Our vineyard in Quinta Lobo da Estrela is of old grapes, around 40 years old.
Old grapes were cultivated mainly for the needs of the families in small vineyards and not as an industrial business.
They exist in small quantities in the country because they produce less grapes, when compared with the production ratios of new vineyards. But they have a stronger and more intense character and elegance – the age of reason.


Quinta Lobo da Estrela produces four varieties of noble grapes from the region DÃO. Our wines are made of a blend of these 4 local grapes.

Almost exclusively cultivated in Dão Region it is a mysterious variety, because it is only referred after the phylloxera plague at the end of the 19th century. Its origin is unknown.
It has a small and compact bunch, with small and uniform berries. Its skin is of different colours in tones of dark-blue. The pulp has no colours and its soft and juicy. It has a regular production and medium maturation. In the wine it is a generous provider of the balance between acidity, sugars and tannins. It also provides elegant and fruity aromas, evoking mature strawberries and gains complexity with the flow of the years
(from CVR Dão site)

In the Dão region, Jaen is harvested at least since middle of the 19th century. It is referred in the wine statistics of 1865, as one of the predominant grapes in the municipality of Mangualde (where Quinta Lobo da Estrela is situated). After the phylloxera plague it was spread in all the Dão region, being a productive and premature grape, allowing for wines of high alcohol levels and excellent colour.
The grape is big and compact, with rounded uniform and medium berries. The skin is thin, dark-blue and medium bloom. The pulp is soft and juicy, non coloured. The wines that produces are elegant, with medium alcohol levels, intense colour and very soft, due to its low acidity. But the uniqueness of this grape comes from its delicate and intense perfume, reminding raspberry.
(in CVR Dão site)

TINTA RORIZ (aka Aragonez)
Species of high production and of medium maturation. The grape is big and open, containing different sized berries, slightly flat, with thick skin of dark blue colour and strong bloom.
Inside, the pulp is clear, thick and has a very particular flavour. In the wines where is present in significant percentage intensifies the flavours of mature fruits, provides a lot of colour and good alcohol levels. It is notorious its excellent balance, marked by the quality of its tannins, as well as the balance of acidity, resulting in very harmonious and elegant wines, with great potential to grow older in the bottle.

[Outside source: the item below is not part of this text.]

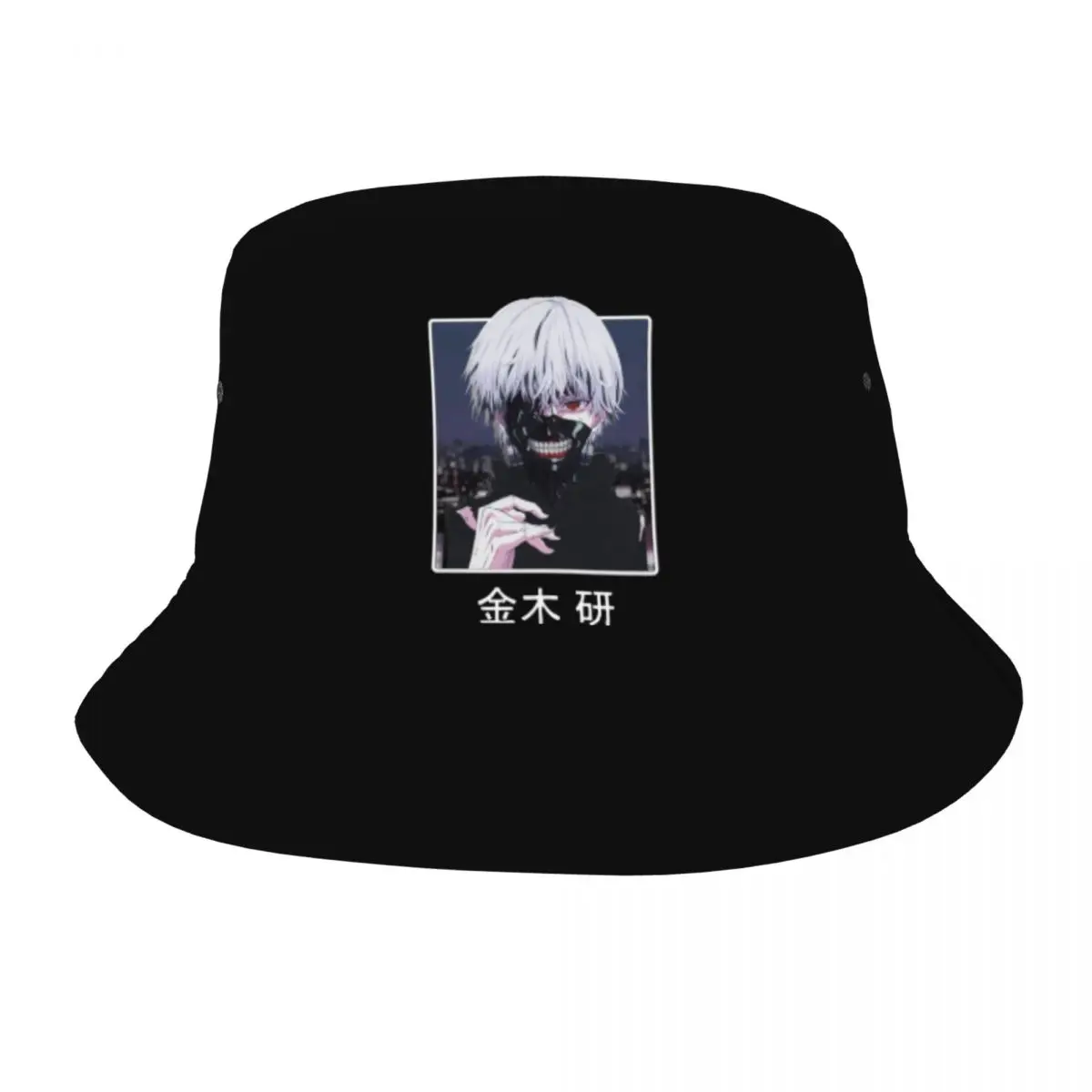 

Kaneki Ken On An Anime City Tokyo Ghoul Bucket Hats for Unisex Summer Sun Hat Harajuku Teen Outdoor Fishing Cap Bob Hat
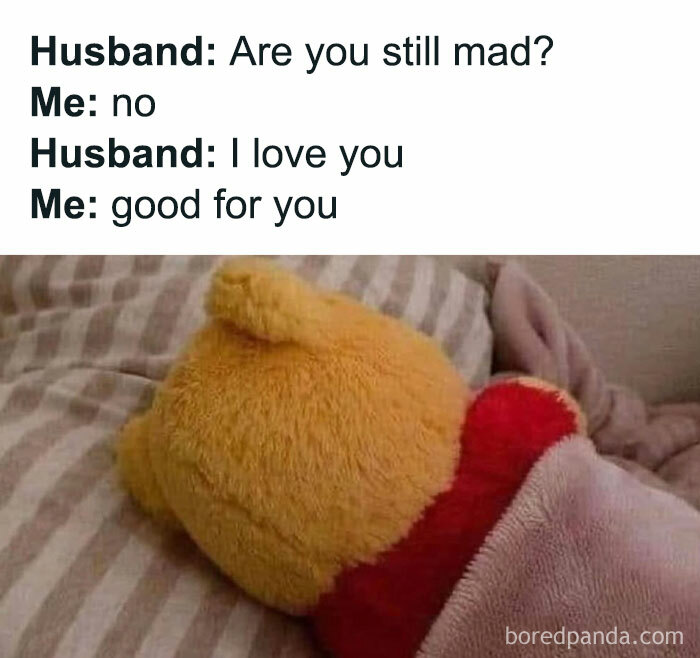 Humorous parenting meme showing a stuffed bear turned away, capturing cool mom attitude in family life.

The fame of Dão wines relies for a significant part in this variety. In the pre-phyloxera times it was dominant in the vineyards of the region. It is the noblest variety of red grapes. It has a small and long bunch, with small round and irregular berries, with a dark blue skin with strong bloom. The pulp is rigid, non-coloured, juicy and of a particular flavour. It is a grape of medium maturation, with medium to high level of production, with the right conditions. It provides wines with intense red purple colour.
The aroma is intense and of high complexity of dark well matured fruits, with a note of savage berries and plants (blackberry, rosemary, lavender, pine tree, rockrose). It fills the mouth, full bodied, persistent, robust and with strong tannins and very fruity when young. It has a strong potential to extended ageing – if it does so it will have a unique and distinct silky flavour and aroma.
(in CVR Dão site)

Why the label of the wines mentions “contains sulphites”
“Sulphur dioxide (SO2) is one of the most commonly used additives in wine and serves as an antioxidant as well as an antimicrobial agent in musts, juices, and finished wines. SO2 is mistakenly believed by many to react directly with oxygen itself, thus protecting wine. Instead, SO2 binds and interacts with negative oxidative products in wine, essentially negating their effect or lessening their impact. It binds to anthocyanin pigments and other colour compounds to delay the development of brown colours.”
Excerpt from: Alison Crowe. “The Wine Maker's Answer Book.”

In fact, since ancient times SO2 is used to preserve the wine and avoid that it transforms into vinegar. We mention it in the labels to warn any consumer who might have an intolerance to SO2.